Address
- 1112 East Clay Street New Buffalo, Berrien County, Michigan, 49117 United States

District information
- Motto: Every student. Every day.
- Grades: PreKindergarten–12
- Superintendent: Adam Bowen
- Schools: 3
- Budget: $22,209,000 2022–2023 expenditures
- NCES District ID: 2625140

Students and staff
- Students: 516 (2024–2025)
- Teachers: 49.3 (on an FTE basis) (2024–2025)
- Staff: 124.3 FTE (2024–2025)
- Student–teacher ratio: 10.47 (2024–2025)
- District mascot: Bison

Other information
- Website: www.nbas.org

= New Buffalo Area Schools =

School district in Michigan

New Buffalo Area Schools is a public school district in Berrien County, in the Michiana region of Michigan.
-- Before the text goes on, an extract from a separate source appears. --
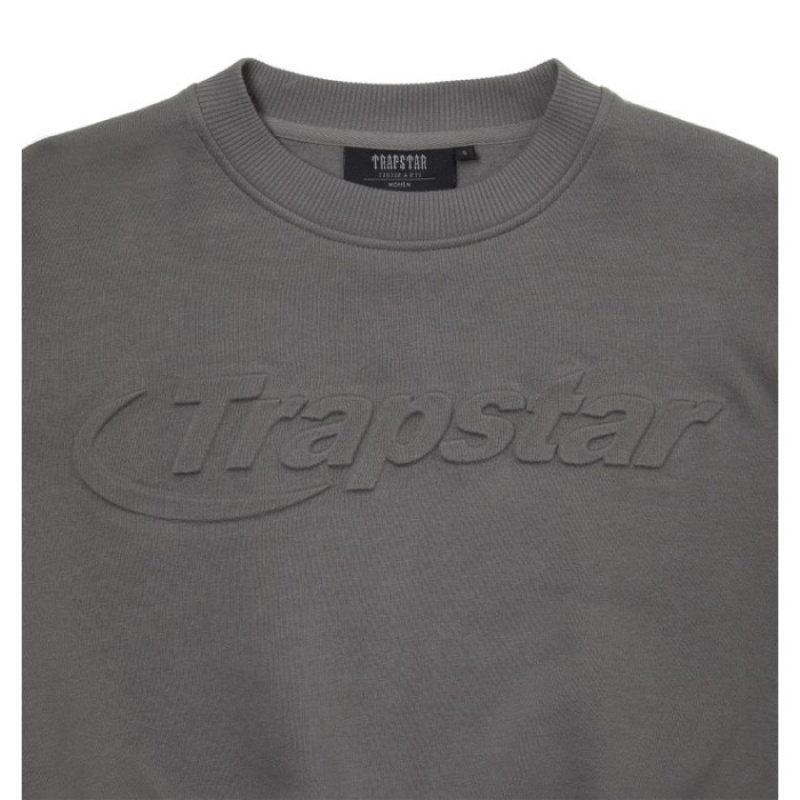 Női Trapstar Hyperdrive Crewneck Felső Szürke | Hungary RX26-885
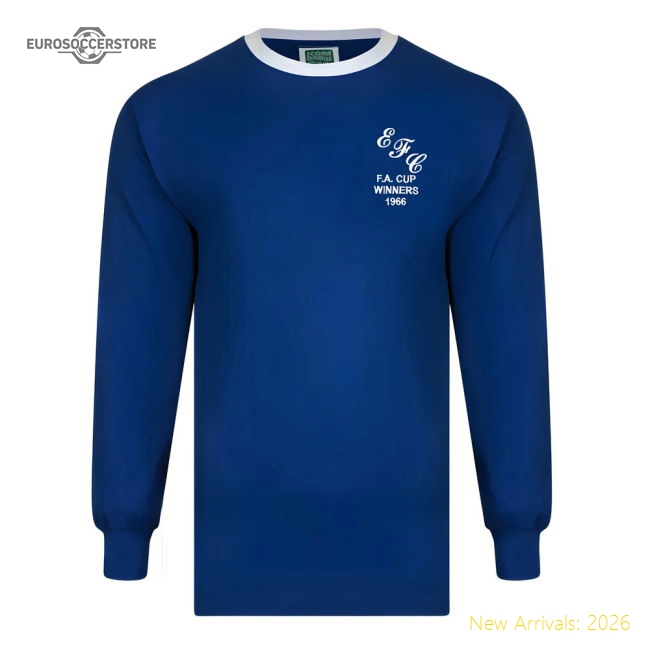 Score Draw Everton 1966 FA Cup Winners Retro Football Shirt-Football Jersey Hub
It serves New Buffalo, Grand Beach, Michiana, and parts of the townships of Chikaming and New Buffalo.

==History==
A five-room school was built in the 1870s and served New Buffalo until it burned down in late August 1915. The school was rebuilt in 1916.

A new school, called a "consolidated" school because it served several outlying districts as well as New Buffalo, opened in fall 1931. It was expanded in 1959 and 1965. A dedicated elementary school opened in fall 1959.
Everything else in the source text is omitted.